この魔物がどの程度の速度で動けるのかわからないが…‥今までの様子から、あまり高速で動くことはできないとあたりをつける。これが俊敏に動く獣ならさっさと追い打ちをかけにきているだろうし、そもそも自力で十分に狩りができるなら蛭の利用なんてしないだろう。
土の付着により可視化させた前足の動きに集中する。
先程の動き。蛭を射出するとき、魔物は動きを止めていた。
狙うならそこだ。蛭の射出を避けながら踏み込めばいい。闇雲に真っ直ぐ踏み込むよりは勝算も高いだろう。

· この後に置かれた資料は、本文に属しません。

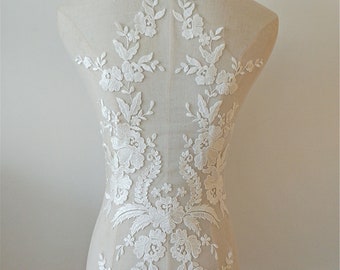 May include: White floral lace applique with delicate flowers and leaves. This lace applique is perfect for adding a touch of elegance to any garment or project.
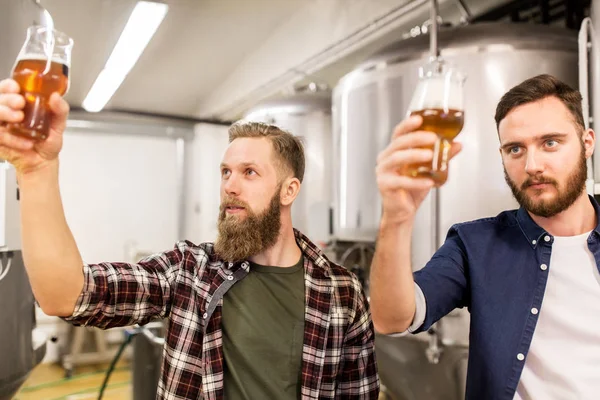 Muži pijící a testující řemeslné pivo v pivovaru — Stock fotografie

直ぐに射出してこないあたり連射はできないはずだ。先程の一発だけで弾切れした可能性もあるため、ある程度近付かれた場合その時点で特攻する。
魔物が足を止める。
考えていた通り、魔物はそこでもう一度蛭を射出した。
私はそれと同時に、いや、それよりも少し前、動きが止まった瞬間に────ステップを踏んで斜めに距離を詰めていた。
蛭が頬のすぐ隣を飛んでいく。
怖くて仕方がない。この蛭だって、目にでも当たって摘出が遅れればそのまま脳まで食い破ってきそうだった。
「『ライト』」
呪文を詠唱する。
唯一、魔物に対する対抗策になり得そうだった────一切の殺傷力を持たない魔法。
『目眩し』だ。効果を確認する時間は無い。発動の瞬間だけ目を瞑り、すぐに魔法を解除して再度魔物を見据える。
魔物の前足が少し後ろに動く。
初めてだ。初めて、魔物が私に対して退いている。
そして、遅い。動きが鈍すぎる。この魔物は明らかに機動力に欠けていた。
透明化と蛭の出血に頼った狩りしかしてこなかったのだろう。私に攻撃手段が無ければそれでもきっと脅威だったが……私は『準備』をしてきていた。
腰に身につけたもう一つの武器────ボールペンを握る。
私の鞄に入っていたボールペン。
ただそれだけなら致命傷にはならないだろうが────私はこれに毒を塗っていた。
手記に記されていた、食べてはいけない植物。
そのうち一つは、生物を即座に死に至らしめる劇毒を持つものだった。
皮膚に接触した程度では問題無いが、ひとたび体内に侵入すれば微量で全身の神経を麻痺させる。
私はその植物を擦り潰し、ボールペンに塗り込んでいた。
鈍重な魔物の傷口はもう目の前にある。
私は傷口に向かって、思い切りボールペンを振り下ろした。